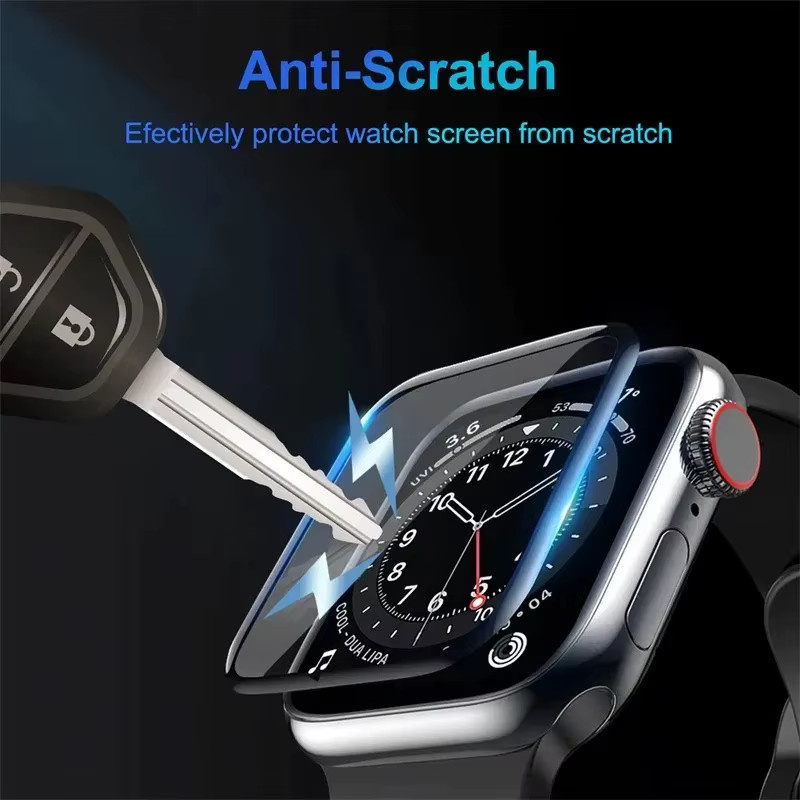 Apple Displayschutzfolie Keramik, 3 Stück - Bild 3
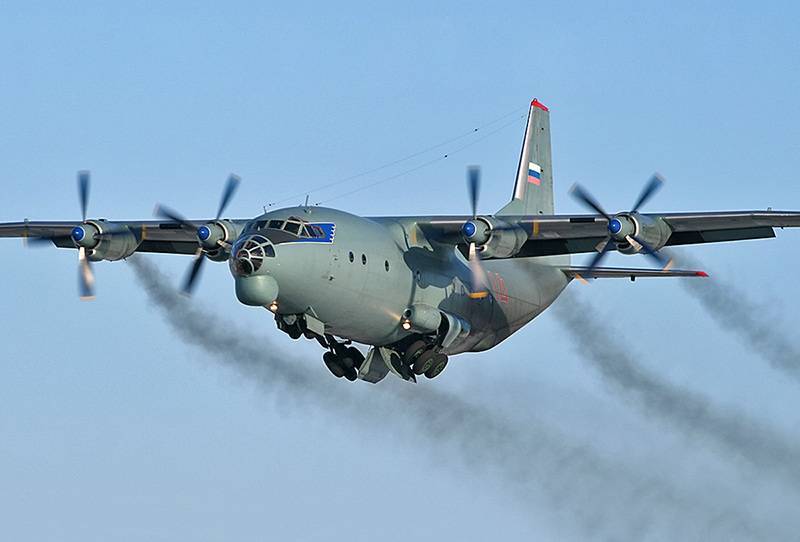 Lo sviluppatore del velivolo BTA in sostituzione dell'An-12 sarà determinato alla fine del mese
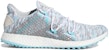(Women) adidas Crossknit Dpr Golf Shoes /Blue 'White' FX7149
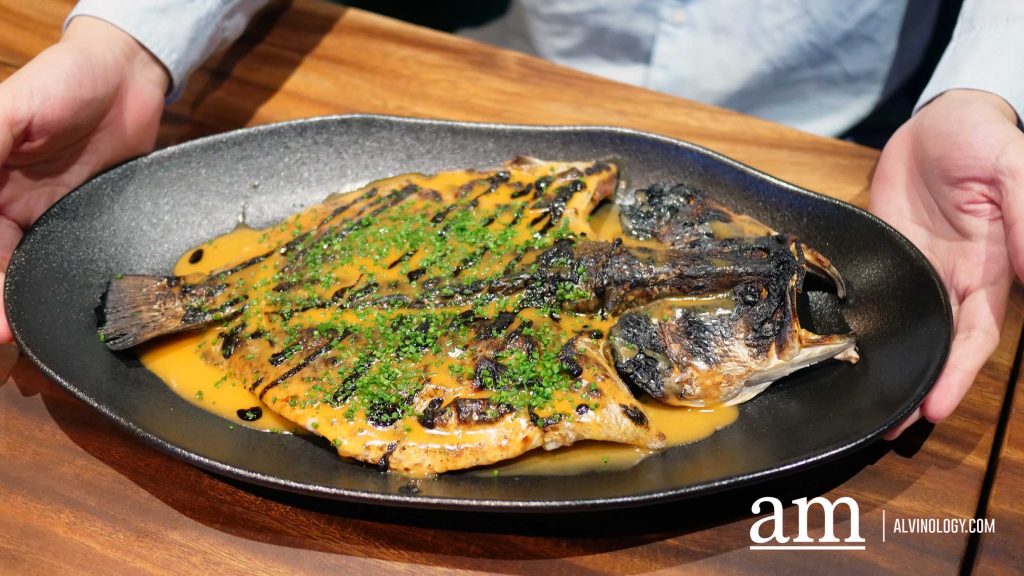 The Margin Review: Singapore Gets a Finance Themed Muslim-owned Grill Spot in Jalan Besar - Alvinology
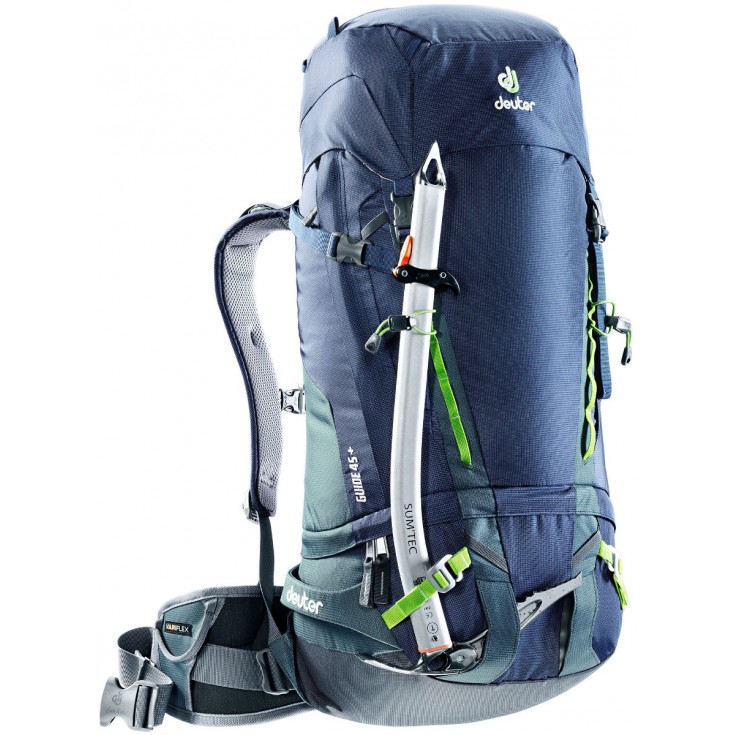 Sac à dos Deuter Guide 45+ bleu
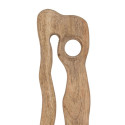 Decorative Figure Natural Abstract 15 x 9 x 68,5 cm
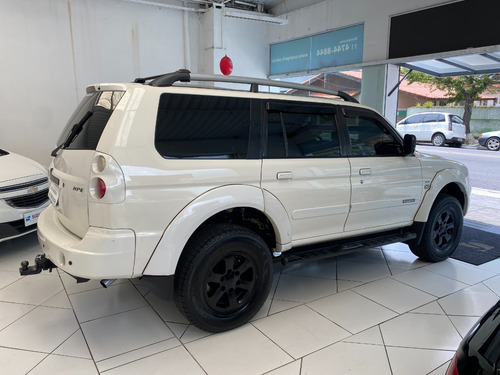 Mitsubishi Pajero Sport 4x4 2008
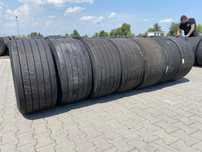 Opony 445/45R19.5 CONTINENTAL CONTI HYBRID HT3 Naczepowe 10-11mm MEGI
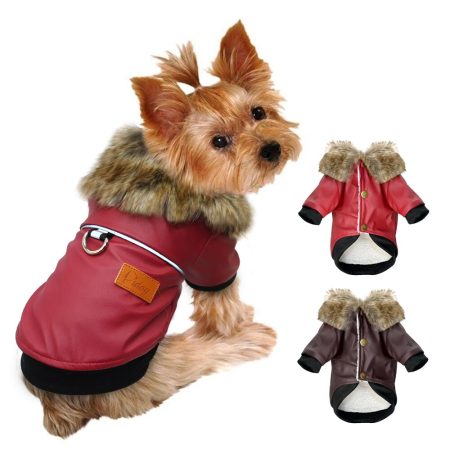 ▲ Winter Dog Jacket
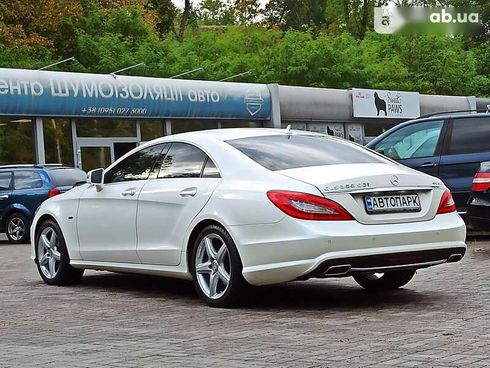 Mercedes-Benz CLS-Класс 2012 - фото 10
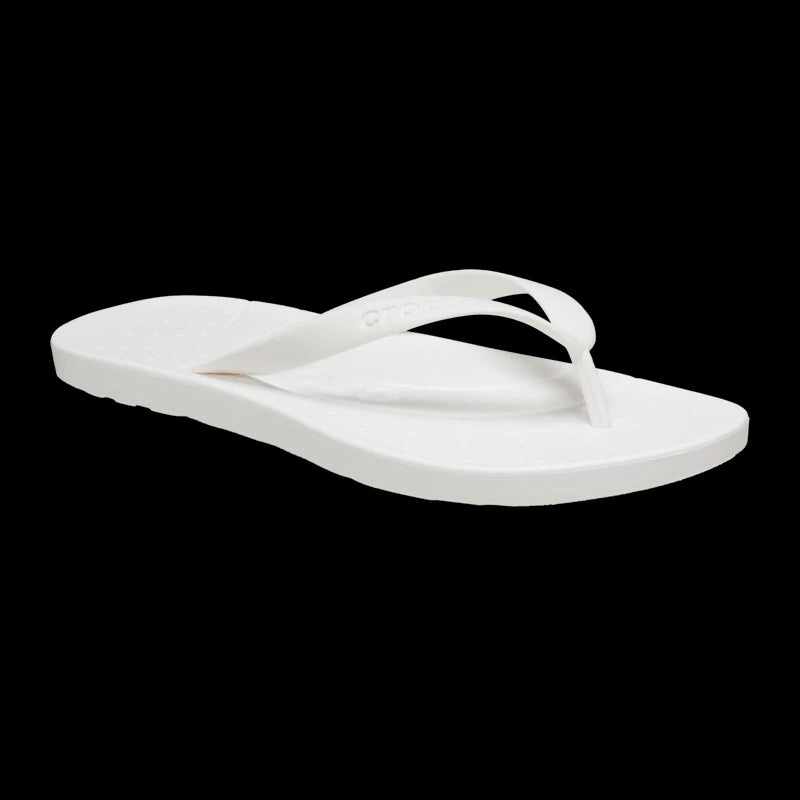 Crocs Casual Flip-Flops 'White' 210089-100 - 3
────────────────
● **What needs to be done**
All lines from the one containing "Decorative Figure Natural" through the end of the entries, both ends included, should be written out exactly, with no pictures.

● **Response box**
 Decorative Figure Natural Abstract 15 x 9 x 68,5 cm
 Mitsubishi Pajero Sport 4x4 2008
 Opony 445/45R19.5 CONTINENTAL CONTI HYBRID HT3 Naczepowe 10-11mm MEGI
 ▲ Winter Dog Jacket
 Mercedes-Benz CLS-Класс 2012 - фото 10
 Crocs Casual Flip-Flops 'White' 210089-100 - 3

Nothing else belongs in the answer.